_Records shown:_
▼
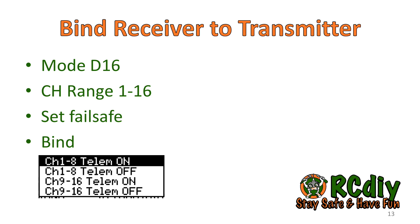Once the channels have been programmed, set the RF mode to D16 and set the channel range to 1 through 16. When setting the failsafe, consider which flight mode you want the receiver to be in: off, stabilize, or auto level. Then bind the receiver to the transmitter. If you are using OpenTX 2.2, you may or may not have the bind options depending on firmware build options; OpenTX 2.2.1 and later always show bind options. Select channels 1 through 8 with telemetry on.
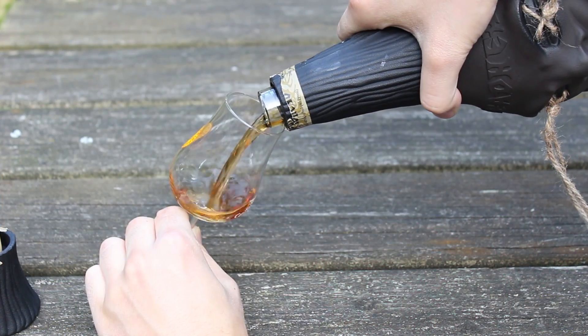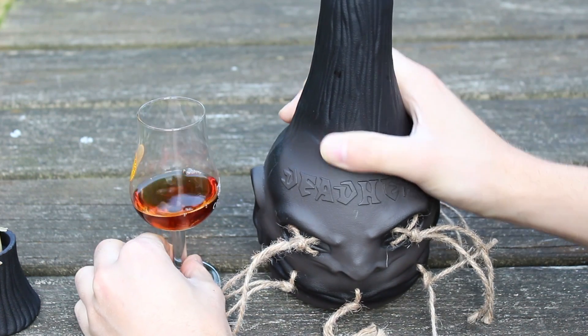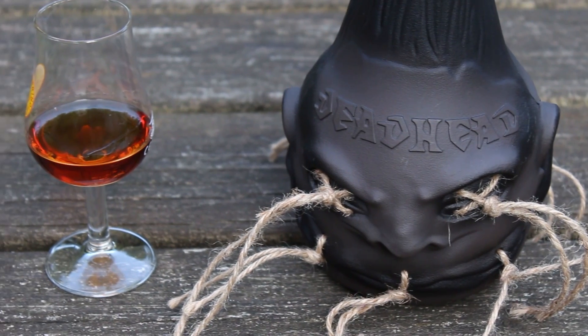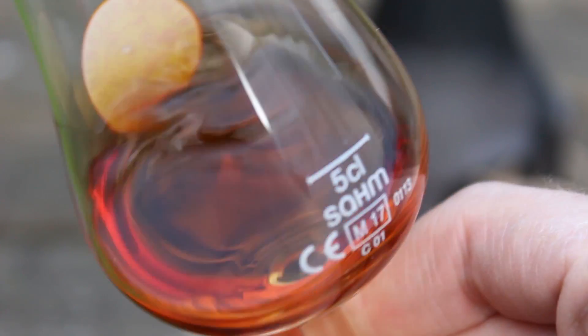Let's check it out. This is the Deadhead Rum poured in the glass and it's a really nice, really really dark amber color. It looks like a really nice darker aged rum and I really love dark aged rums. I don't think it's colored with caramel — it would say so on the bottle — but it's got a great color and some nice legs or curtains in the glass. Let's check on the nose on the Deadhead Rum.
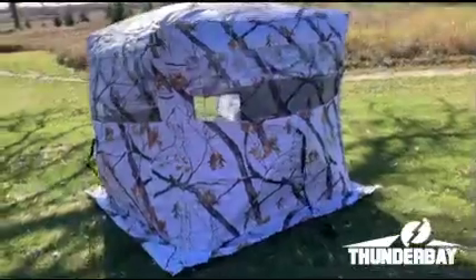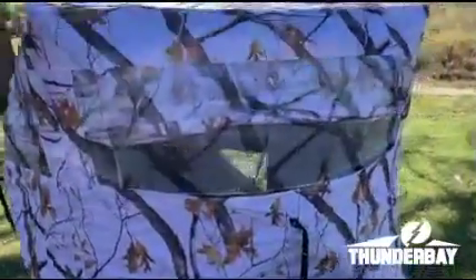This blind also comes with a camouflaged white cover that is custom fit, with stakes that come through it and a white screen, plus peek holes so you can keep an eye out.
▲
▼
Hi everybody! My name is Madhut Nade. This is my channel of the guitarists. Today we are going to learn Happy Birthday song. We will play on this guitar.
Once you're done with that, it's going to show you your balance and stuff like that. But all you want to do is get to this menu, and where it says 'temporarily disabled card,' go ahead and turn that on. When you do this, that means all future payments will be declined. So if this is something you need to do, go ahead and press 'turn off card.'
▲
▼
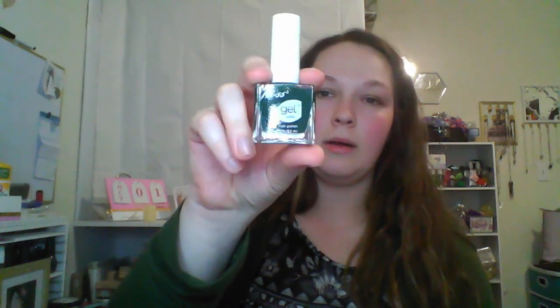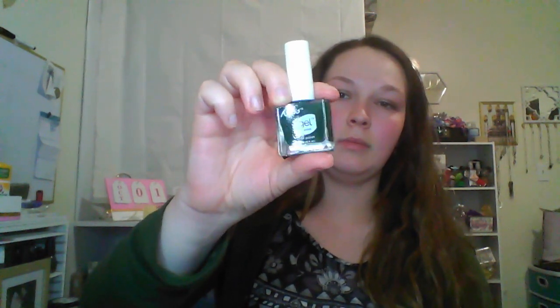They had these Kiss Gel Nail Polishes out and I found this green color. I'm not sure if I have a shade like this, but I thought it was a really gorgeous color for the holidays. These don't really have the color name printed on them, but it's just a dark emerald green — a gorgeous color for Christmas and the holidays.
▲
_Work instruction:_ Copy out each line of the entries that holds "going".

_Answer to this exercise:_
Hi everybody! My name is Madhut Nade. This is my channel of the guitarists. Today we are going to learn Happy Birthday song. We will play on this guitar.
Once you're done with that, it's going to show you your balance and stuff like that. But all you want to do is get to this menu, and where it says 'temporarily disabled card,' go ahead and turn that on. When you do this, that means all future payments will be declined. So if this is something you need to do, go ahead and press 'turn off card.'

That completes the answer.